Who’s “commissioning” structural performance?

The now-infamous San Francisco Salesforce Transit Center’s cracked steel beam failure is provoking finger-pointing and lawsuits, but regardless of blame it’s possible that commissioning from predesign through construction by materials and structural experts may have identified the flaws and even prevented the disaster.

Three relevant programs are underway at the National Institute of Standards and Technology (NIST) — Commissioning of the PERFORM Structural Testbed Project, Structural Performance for Multi-hazards Program, and Robust Structural Systems for Disproportionate Collapse Mitigation.

According to NIST, the Performance-based Engineering Research for Multi-hazards (PERFORM) project will enable large-scale research on the performance of structures under extreme winds, earthquakes, and disproportionate collapse, as well as the influence of material degradation.
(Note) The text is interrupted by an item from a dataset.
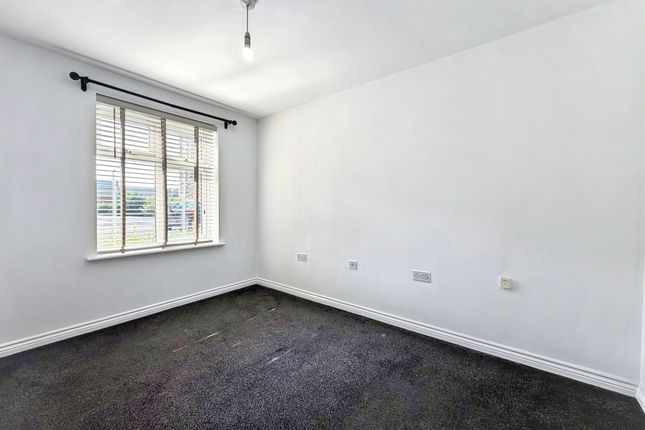 74 Grange Road, Jarrow photo 3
The second program is conducting measurement science research to: (1) predict structural performance up to failure under extreme loading conditions: (2) assess and evaluate the ability of existing structures to withstand extreme loads; (3) design new buildings and retrofit existing buildings using cost-effective, performance-based methods; and (4) derive lessons learned from disasters and failures involving structures.

The objective of the third program is to “develop and demonstrate effective strategies for enhancing the robustness of conventional structural systems, and develop provisions for codes and standards to mitigate disproportionate collapse.” Current codes and standards have generally adopted requirements that do not ensure resistance to disproportionate collapse.

This project will develop and demonstrate effective strategies for enhancing the robustness of various structural systems, along with provisions for codes and standards to enable engineers to effectively design structures with enhanced robustness.